======== Given records

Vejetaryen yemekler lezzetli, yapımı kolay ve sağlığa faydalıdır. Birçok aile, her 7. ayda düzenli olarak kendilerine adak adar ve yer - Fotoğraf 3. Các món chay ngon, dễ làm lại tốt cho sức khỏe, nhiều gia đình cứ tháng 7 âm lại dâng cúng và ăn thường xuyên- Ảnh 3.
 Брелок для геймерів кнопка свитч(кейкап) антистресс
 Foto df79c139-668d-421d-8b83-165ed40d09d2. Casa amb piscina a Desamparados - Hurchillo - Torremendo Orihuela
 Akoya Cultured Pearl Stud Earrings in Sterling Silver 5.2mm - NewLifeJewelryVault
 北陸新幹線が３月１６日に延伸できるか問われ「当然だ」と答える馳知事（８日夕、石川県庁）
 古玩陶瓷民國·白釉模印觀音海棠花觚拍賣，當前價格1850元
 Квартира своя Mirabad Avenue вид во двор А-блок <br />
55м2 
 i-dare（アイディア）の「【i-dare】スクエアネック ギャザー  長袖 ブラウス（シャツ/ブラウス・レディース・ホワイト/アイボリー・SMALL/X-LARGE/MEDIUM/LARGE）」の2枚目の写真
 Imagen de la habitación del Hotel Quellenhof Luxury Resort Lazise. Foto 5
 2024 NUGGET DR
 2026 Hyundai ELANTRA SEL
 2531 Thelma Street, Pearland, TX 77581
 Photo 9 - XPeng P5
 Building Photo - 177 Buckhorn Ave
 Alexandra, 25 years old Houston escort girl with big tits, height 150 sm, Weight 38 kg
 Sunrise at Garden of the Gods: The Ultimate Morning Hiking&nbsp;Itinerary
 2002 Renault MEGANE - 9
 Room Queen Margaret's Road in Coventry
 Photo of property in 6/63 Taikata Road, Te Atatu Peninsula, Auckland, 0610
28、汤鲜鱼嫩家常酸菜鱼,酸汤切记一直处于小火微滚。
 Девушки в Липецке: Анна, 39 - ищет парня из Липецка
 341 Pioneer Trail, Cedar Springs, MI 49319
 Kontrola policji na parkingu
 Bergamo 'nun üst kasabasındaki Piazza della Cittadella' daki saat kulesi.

================

## Requirement
The listing above holds a line with "古玩陶瓷民國·白釉模印觀音海棠花觚拍賣，當前價格1850元" and a line with "Building Photo - 177 Buckhorn Ave". Print the stretch from the first through the second, exactly and alone.

## Your solution
 古玩陶瓷民國·白釉模印觀音海棠花觚拍賣，當前價格1850元
 Квартира своя Mirabad Avenue вид во двор А-блок <br />
55м2 
 i-dare（アイディア）の「【i-dare】スクエアネック ギャザー  長袖 ブラウス（シャツ/ブラウス・レディース・ホワイト/アイボリー・SMALL/X-LARGE/MEDIUM/LARGE）」の2枚目の写真
 Imagen de la habitación del Hotel Quellenhof Luxury Resort Lazise. Foto 5
 2024 NUGGET DR
 2026 Hyundai ELANTRA SEL
 2531 Thelma Street, Pearland, TX 77581
 Photo 9 - XPeng P5
 Building Photo - 177 Buckhorn Ave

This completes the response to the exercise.